(WHAT THE TASK ASKS)
Using the data that follows, give again word for word the lines between the one holding "Damespak Vivienne –" and the one holding "Davids Bridal One", inclusive. Omit the pictures.

(DATASET EXTRACT)
Content starts

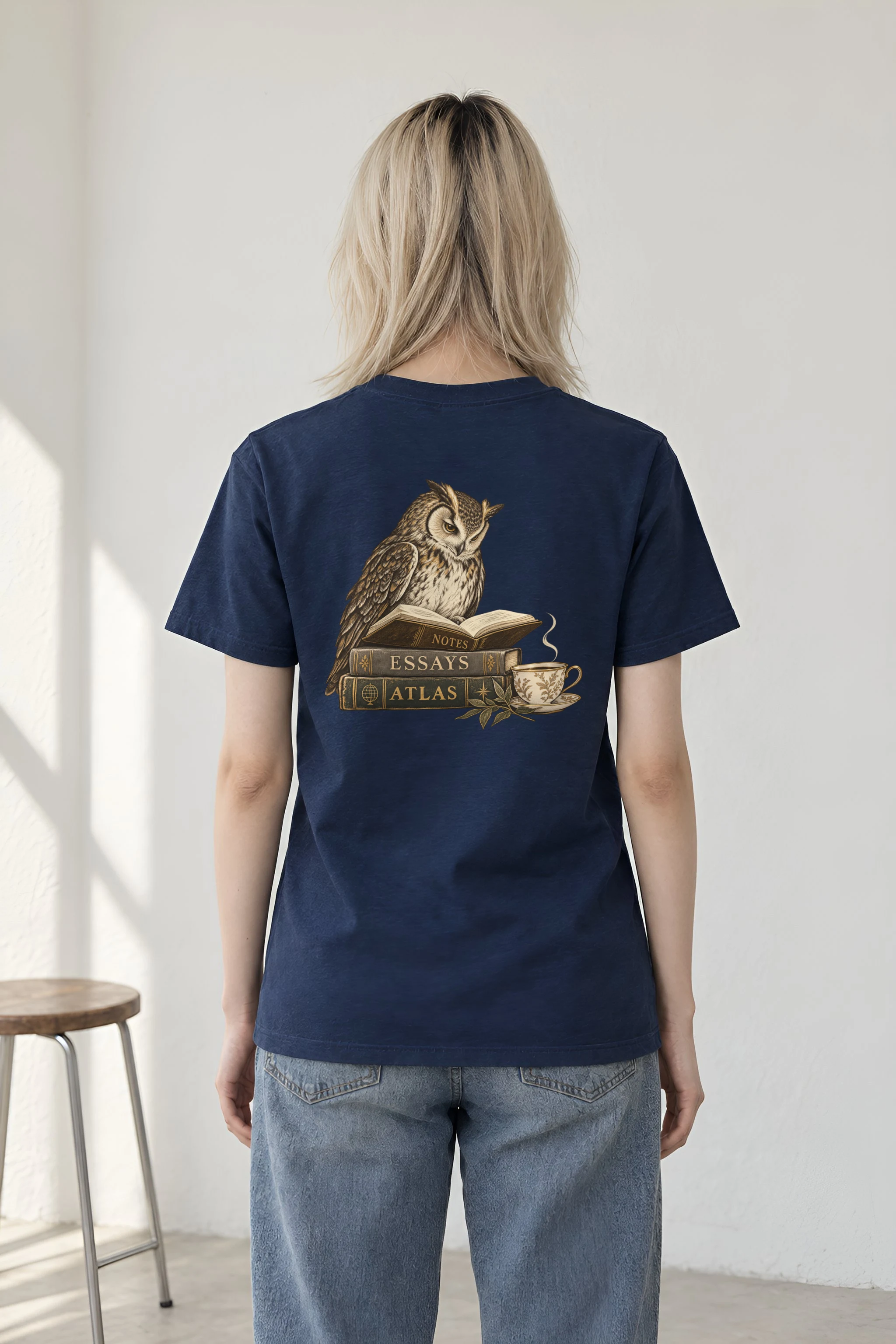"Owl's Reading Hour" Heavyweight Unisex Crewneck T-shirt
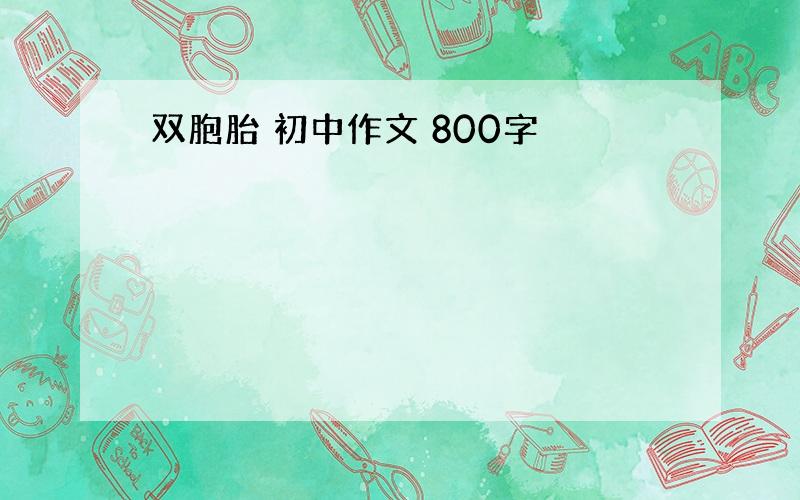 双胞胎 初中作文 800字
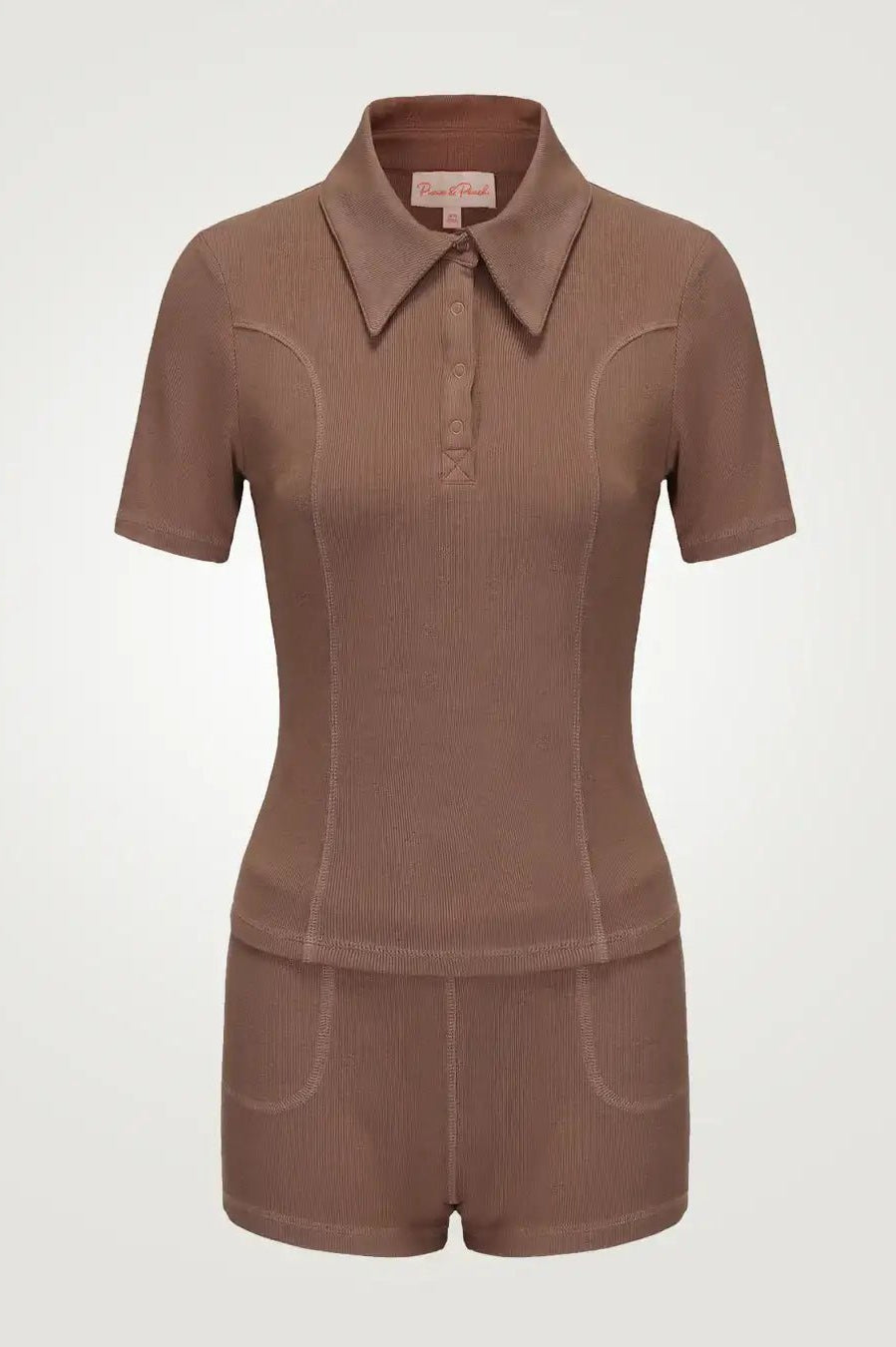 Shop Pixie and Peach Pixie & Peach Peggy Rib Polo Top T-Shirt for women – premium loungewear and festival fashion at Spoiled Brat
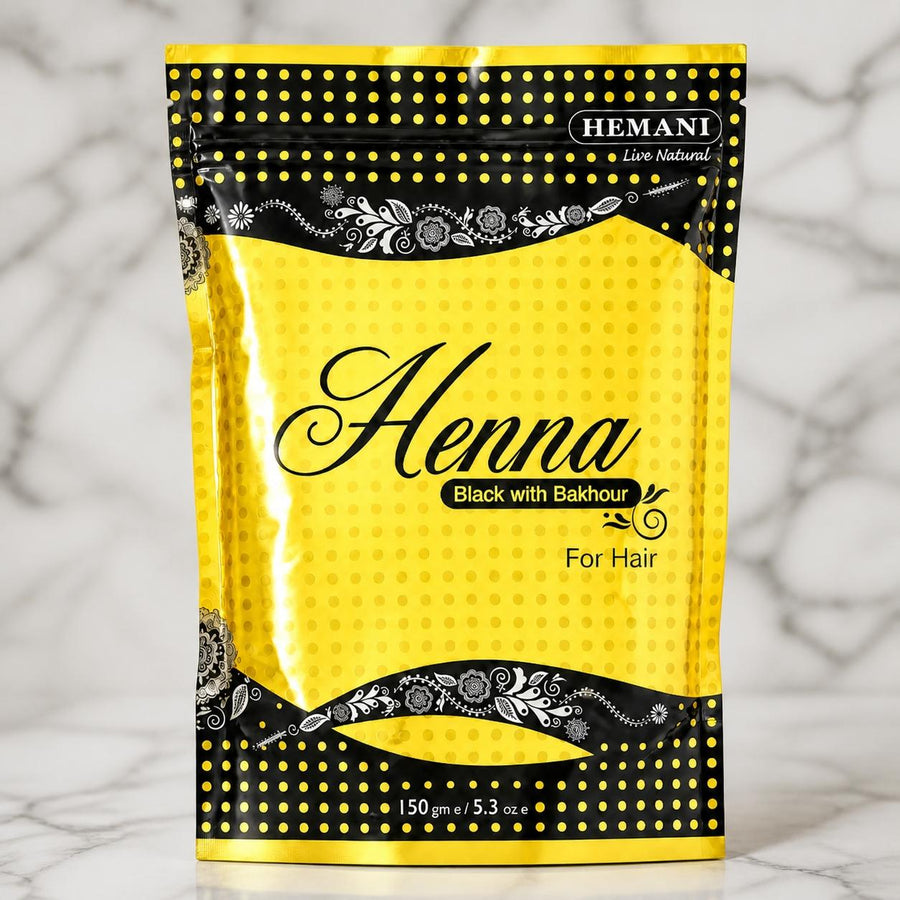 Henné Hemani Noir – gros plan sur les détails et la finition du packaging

Content ends
Content starts

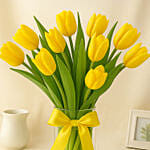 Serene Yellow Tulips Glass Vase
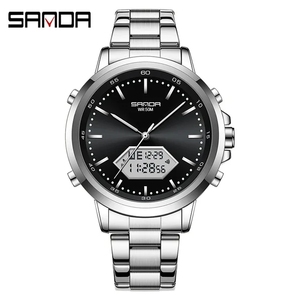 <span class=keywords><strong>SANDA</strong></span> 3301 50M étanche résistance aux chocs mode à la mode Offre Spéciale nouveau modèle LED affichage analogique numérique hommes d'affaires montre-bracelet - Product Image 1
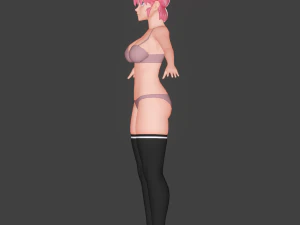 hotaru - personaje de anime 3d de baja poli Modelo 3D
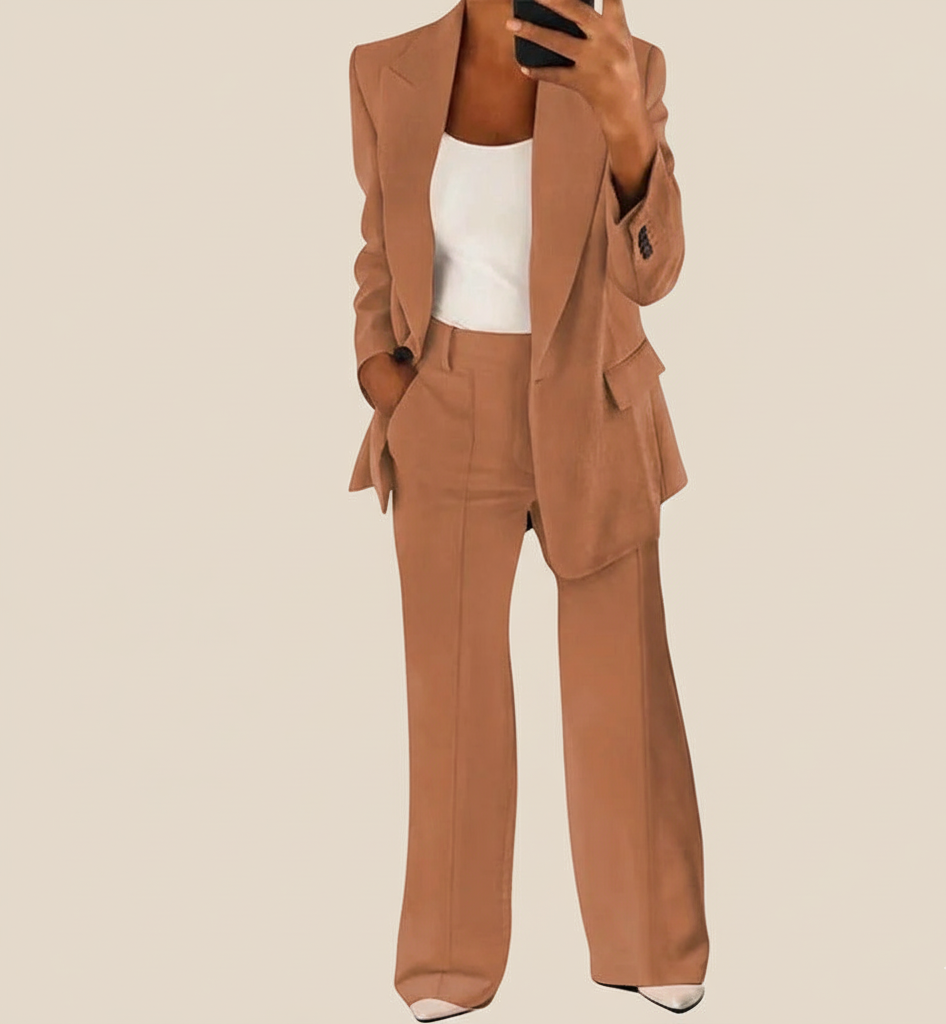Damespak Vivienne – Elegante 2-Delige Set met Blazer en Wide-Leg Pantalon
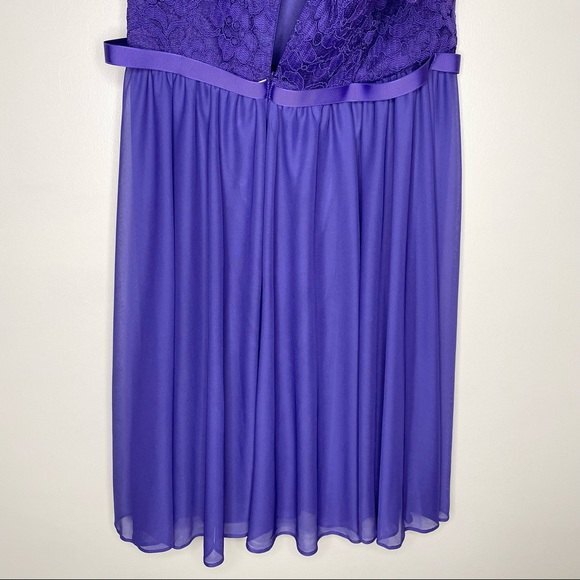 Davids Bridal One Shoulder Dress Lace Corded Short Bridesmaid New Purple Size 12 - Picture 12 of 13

Content ends
Content starts

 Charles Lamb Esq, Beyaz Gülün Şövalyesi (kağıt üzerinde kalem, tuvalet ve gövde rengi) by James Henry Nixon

Content ends

(SOLUTION TO THIS TASK)
Damespak Vivienne – Elegante 2-Delige Set met Blazer en Wide-Leg Pantalon
 Davids Bridal One Shoulder Dress Lace Corded Short Bridesmaid New Purple Size 12 - Picture 12 of 13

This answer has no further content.